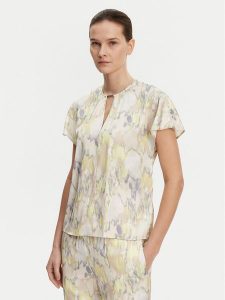 Calvin Klein Bluzka K20K208191 Kolorowy Regular Fit. Bluzki Calvin Klein, bez wzorów, z wiskozy, bez kołnierzyka, bez ramiączek. Za 279,99 zł.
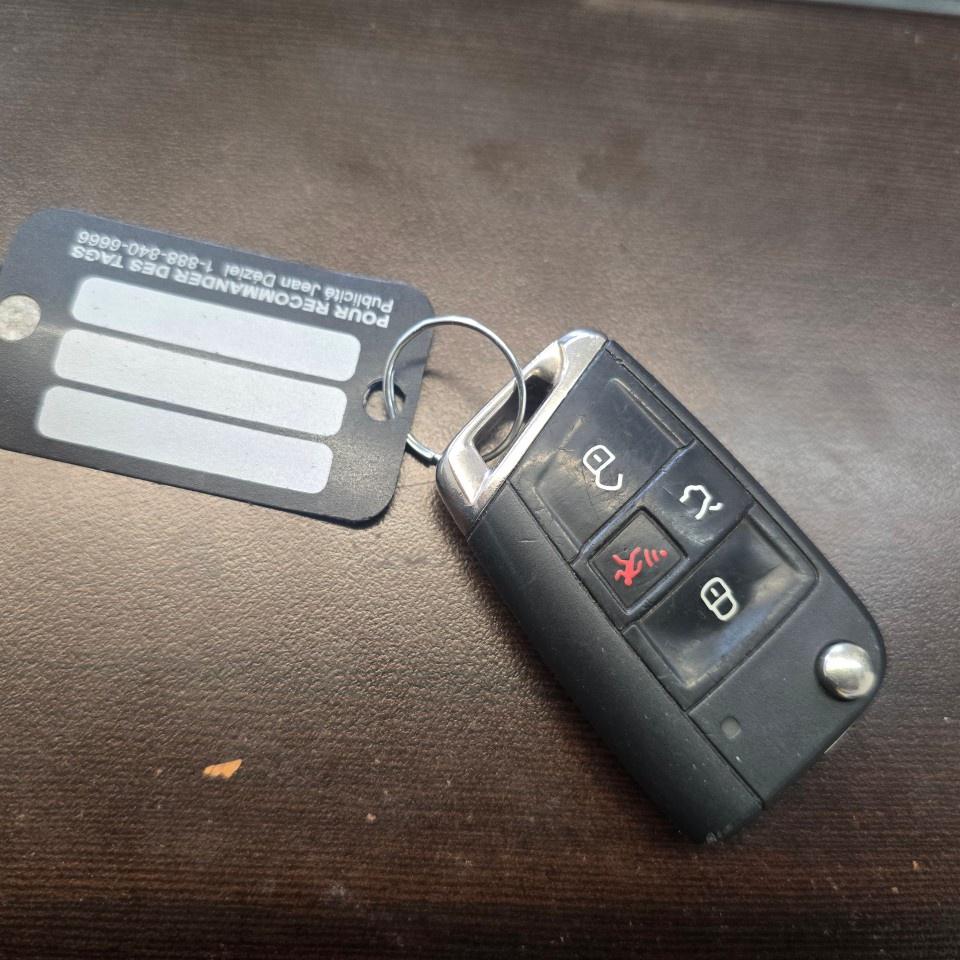 2017 Volkswagen Golf SportWagen 4dr DSG 1.8 TSI Highline 4MOTION Photo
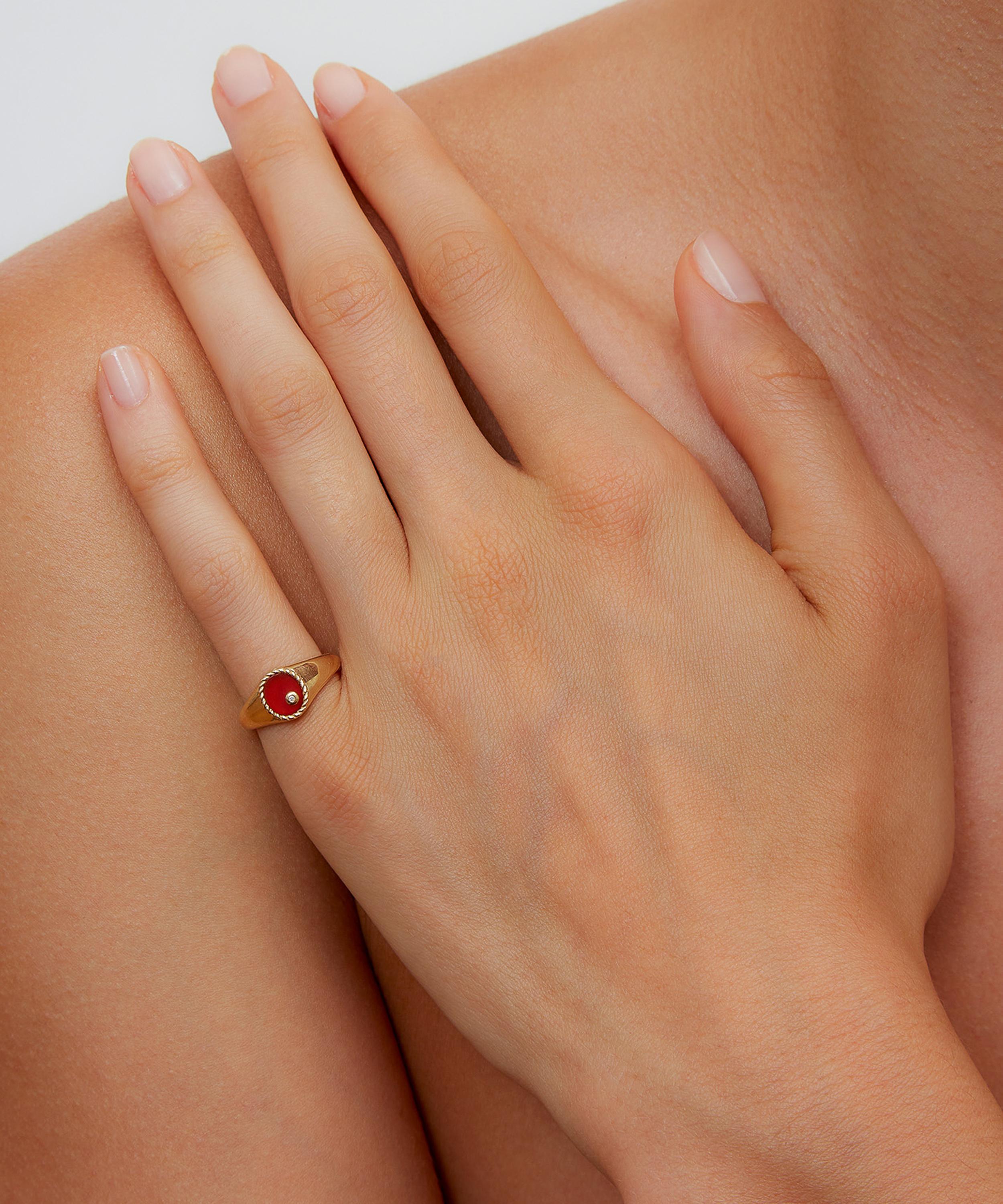 Yvonne Léon - 9ct Gold Red Agate Baby Oval Signet Ring image number 1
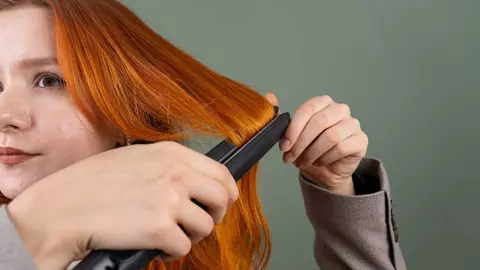 Ghid complet pentru a alege placa de păr potrivită tipului tău de păr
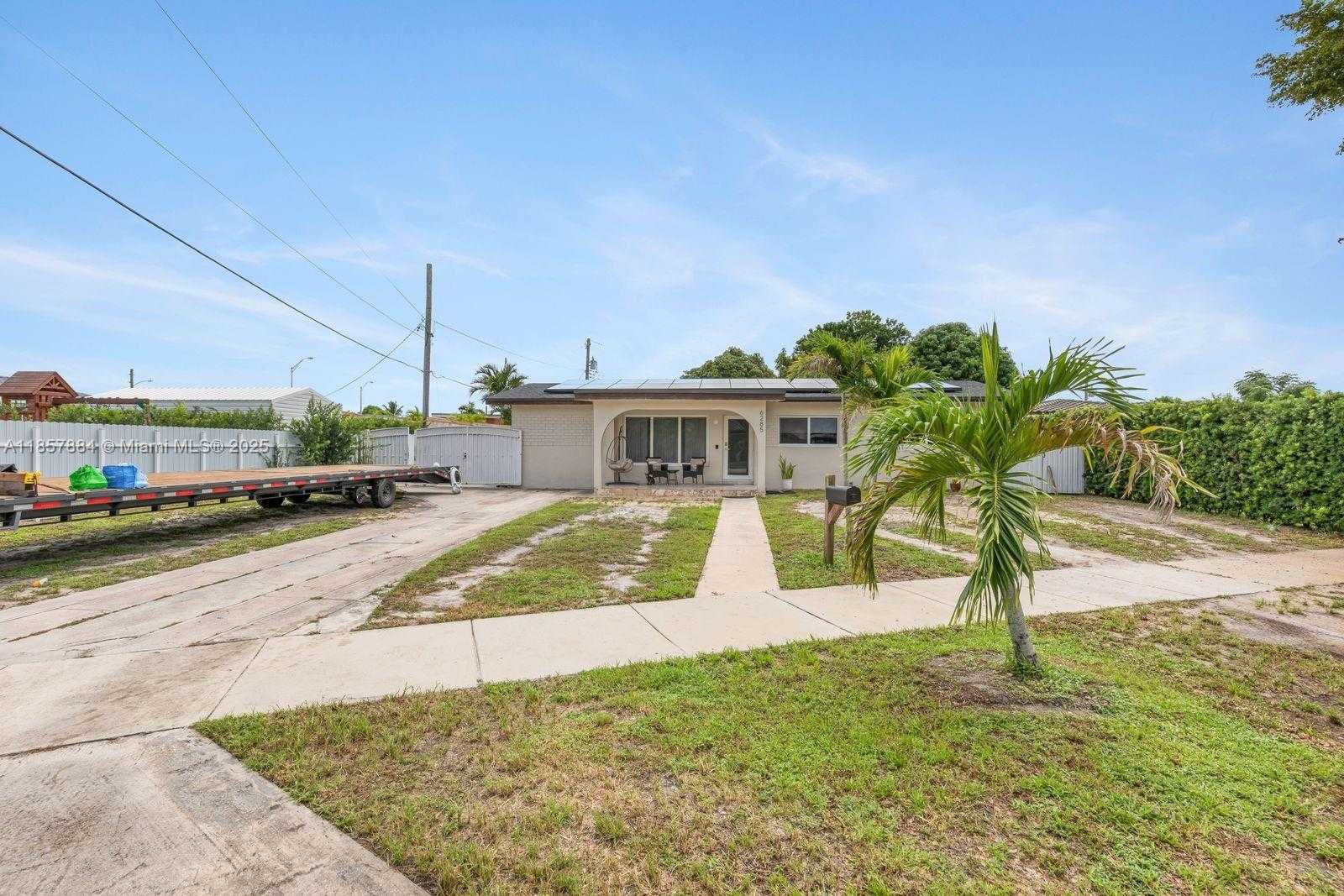 Small Image of 6285 WEST 6TH AVE, Hialeah Number 3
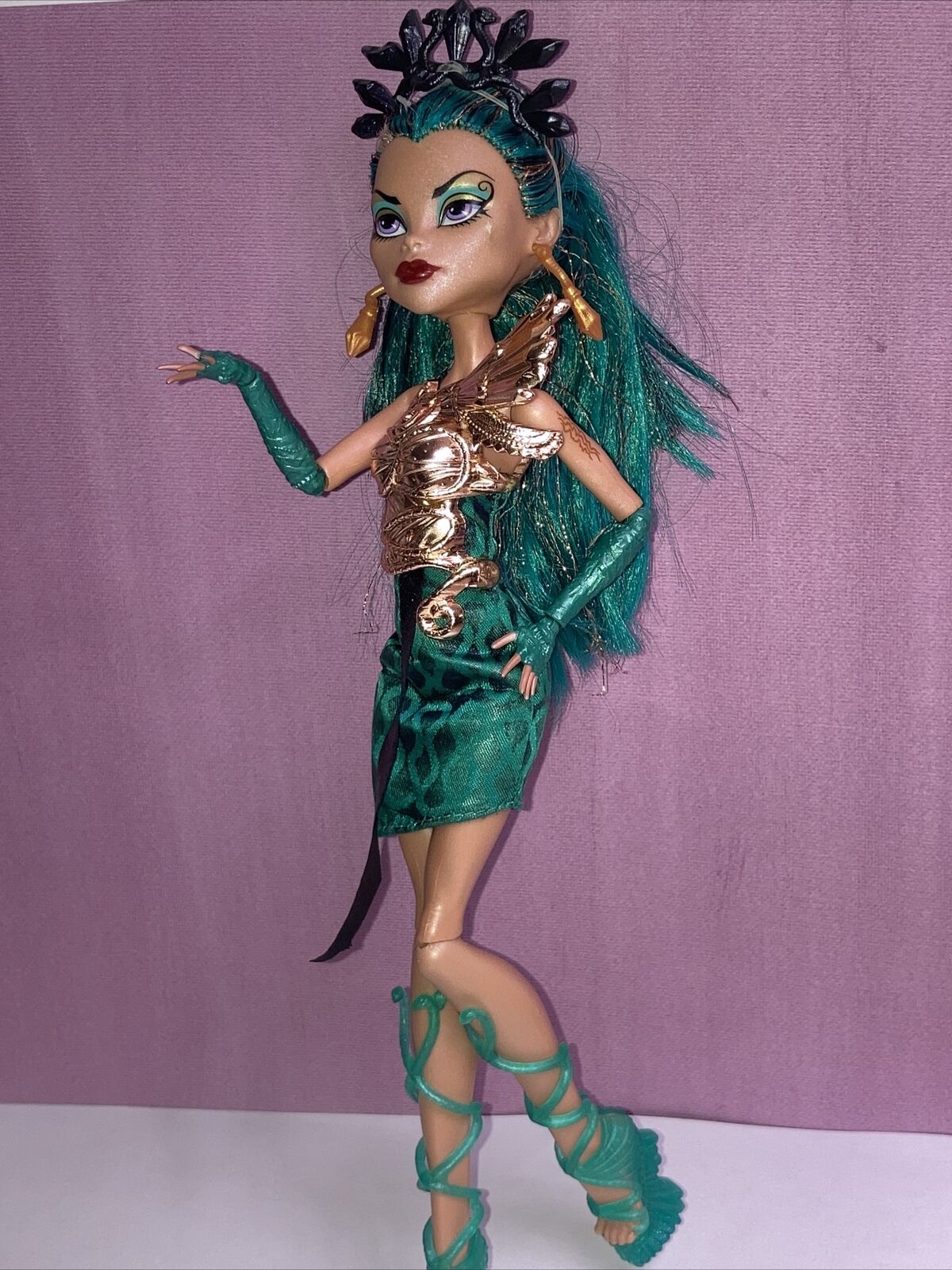 Nefera de nile boo york na caixa doll mattel  Monster high, Monster high  dolls, Monster high characters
————
■ **What you are asked to do**
Where the line containing "2017 Volkswagen Golf" appears in the records above, begin copying and continue exactly through the last line, with nothing else; omit every picture.

■ **Result for this exercise**
 2017 Volkswagen Golf SportWagen 4dr DSG 1.8 TSI Highline 4MOTION Photo
 Yvonne Léon - 9ct Gold Red Agate Baby Oval Signet Ring image number 1
 Ghid complet pentru a alege placa de păr potrivită tipului tău de păr
 Small Image of 6285 WEST 6TH AVE, Hialeah Number 3
 Nefera de nile boo york na caixa doll mattel  Monster high, Monster high  dolls, Monster high characters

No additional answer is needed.